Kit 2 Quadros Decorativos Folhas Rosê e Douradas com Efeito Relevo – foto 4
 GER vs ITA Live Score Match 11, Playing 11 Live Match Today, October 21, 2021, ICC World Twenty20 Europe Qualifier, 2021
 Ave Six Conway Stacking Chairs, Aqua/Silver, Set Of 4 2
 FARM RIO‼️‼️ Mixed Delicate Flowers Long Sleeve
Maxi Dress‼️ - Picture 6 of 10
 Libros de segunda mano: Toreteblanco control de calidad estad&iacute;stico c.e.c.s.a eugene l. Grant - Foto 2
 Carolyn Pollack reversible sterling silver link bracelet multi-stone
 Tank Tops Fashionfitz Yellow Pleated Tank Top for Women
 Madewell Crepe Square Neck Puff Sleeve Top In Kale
===
• What the task requires
Which lines of the records contain "Sleeve"? Show each of them.

• Finished exercise
 FARM RIO‼️‼️ Mixed Delicate Flowers Long Sleeve
 Madewell Crepe Square Neck Puff Sleeve Top In Kale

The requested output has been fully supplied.